#### [YOUR GOAL]
Find the line with "The manage tab" and the line with "Whenever you buy" in the entries below; output exactly those two lines, every line between them, and no others.

** Opening SOURCE RECORDS block **

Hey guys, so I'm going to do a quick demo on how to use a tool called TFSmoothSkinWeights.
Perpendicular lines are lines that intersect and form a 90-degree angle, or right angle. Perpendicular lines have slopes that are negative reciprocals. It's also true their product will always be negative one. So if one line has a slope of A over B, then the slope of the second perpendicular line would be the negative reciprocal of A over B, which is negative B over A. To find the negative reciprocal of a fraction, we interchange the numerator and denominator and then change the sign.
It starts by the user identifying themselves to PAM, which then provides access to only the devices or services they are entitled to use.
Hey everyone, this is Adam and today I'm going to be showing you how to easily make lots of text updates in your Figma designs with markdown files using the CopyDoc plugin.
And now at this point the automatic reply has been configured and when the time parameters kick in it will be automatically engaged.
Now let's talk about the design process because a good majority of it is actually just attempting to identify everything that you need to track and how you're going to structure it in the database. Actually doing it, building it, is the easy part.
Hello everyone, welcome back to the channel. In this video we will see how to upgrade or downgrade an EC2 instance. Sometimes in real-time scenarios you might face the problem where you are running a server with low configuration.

** Closing SOURCE RECORDS block **
** Opening SOURCE RECORDS block **

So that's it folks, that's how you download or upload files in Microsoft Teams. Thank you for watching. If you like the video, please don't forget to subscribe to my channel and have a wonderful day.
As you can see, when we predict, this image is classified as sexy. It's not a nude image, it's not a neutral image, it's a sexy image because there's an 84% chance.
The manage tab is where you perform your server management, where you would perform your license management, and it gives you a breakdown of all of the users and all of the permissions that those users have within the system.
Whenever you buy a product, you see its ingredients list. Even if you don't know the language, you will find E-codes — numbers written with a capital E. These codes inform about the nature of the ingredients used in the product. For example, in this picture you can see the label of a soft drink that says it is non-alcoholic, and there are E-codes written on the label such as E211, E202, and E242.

** Closing SOURCE RECORDS block **
** Opening SOURCE RECORDS block **

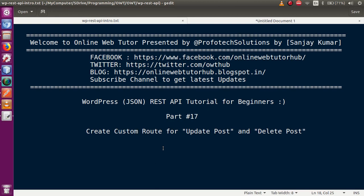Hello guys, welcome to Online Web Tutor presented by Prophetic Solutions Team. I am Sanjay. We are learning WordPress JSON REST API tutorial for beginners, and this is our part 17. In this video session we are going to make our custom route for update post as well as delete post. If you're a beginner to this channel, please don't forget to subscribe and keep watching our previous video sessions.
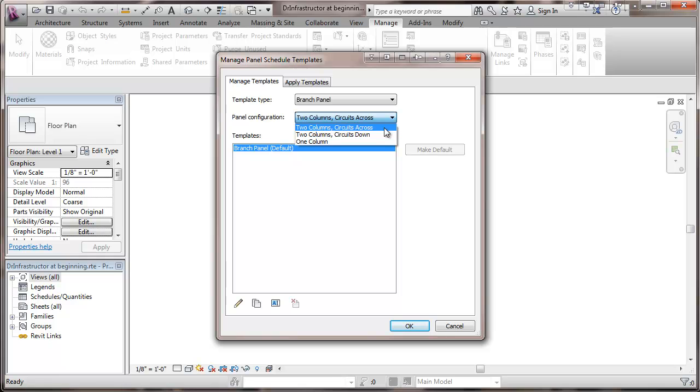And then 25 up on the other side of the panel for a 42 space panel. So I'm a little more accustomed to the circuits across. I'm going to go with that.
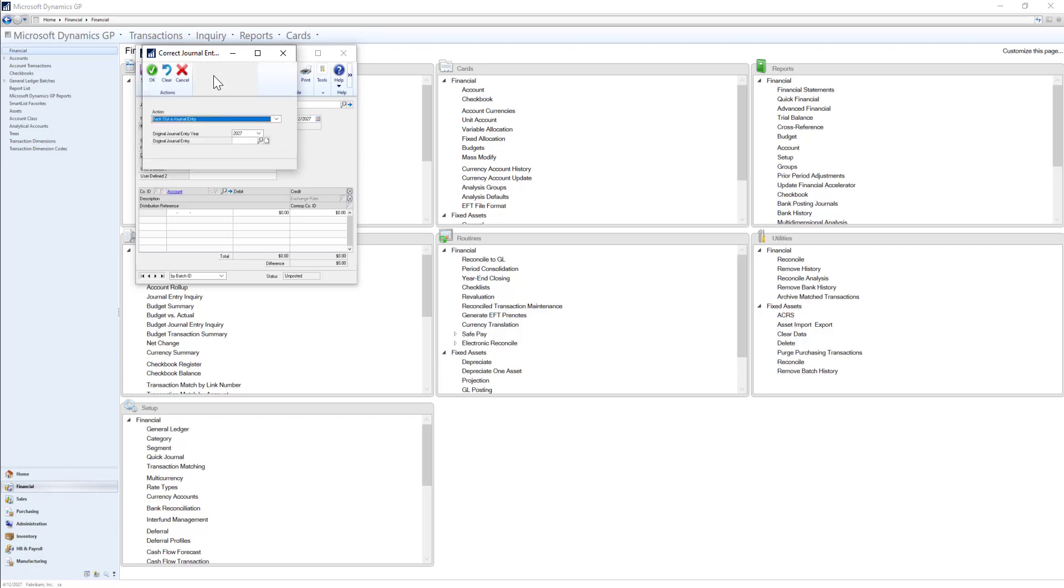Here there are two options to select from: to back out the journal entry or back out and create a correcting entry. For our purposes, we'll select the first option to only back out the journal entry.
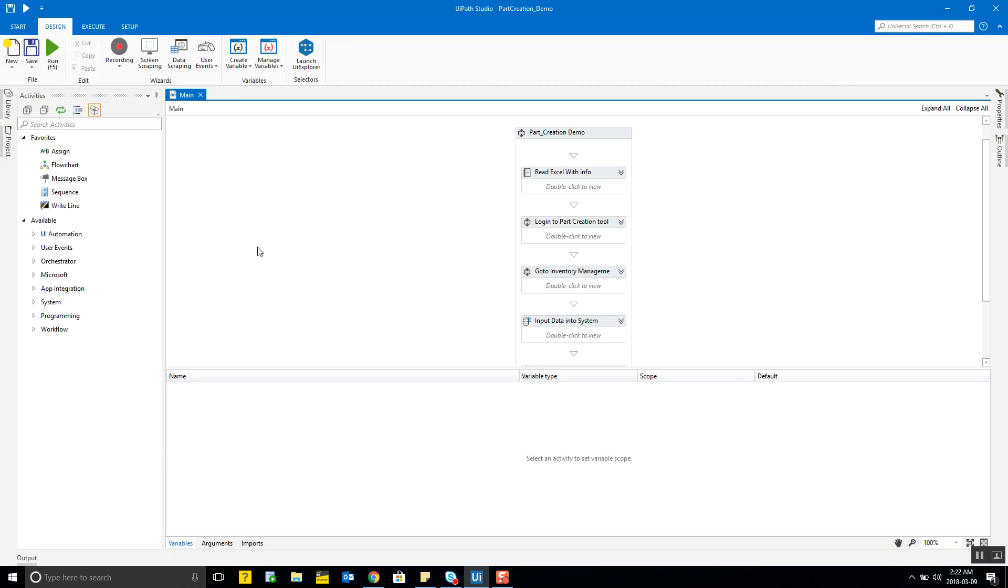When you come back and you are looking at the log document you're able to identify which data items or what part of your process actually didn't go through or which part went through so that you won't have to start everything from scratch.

** Closing SOURCE RECORDS block **

#### [RESPONSE AREA]
The manage tab is where you perform your server management, where you would perform your license management, and it gives you a breakdown of all of the users and all of the permissions that those users have within the system.
Whenever you buy a product, you see its ingredients list. Even if you don't know the language, you will find E-codes — numbers written with a capital E. These codes inform about the nature of the ingredients used in the product. For example, in this picture you can see the label of a soft drink that says it is non-alcoholic, and there are E-codes written on the label such as E211, E202, and E242.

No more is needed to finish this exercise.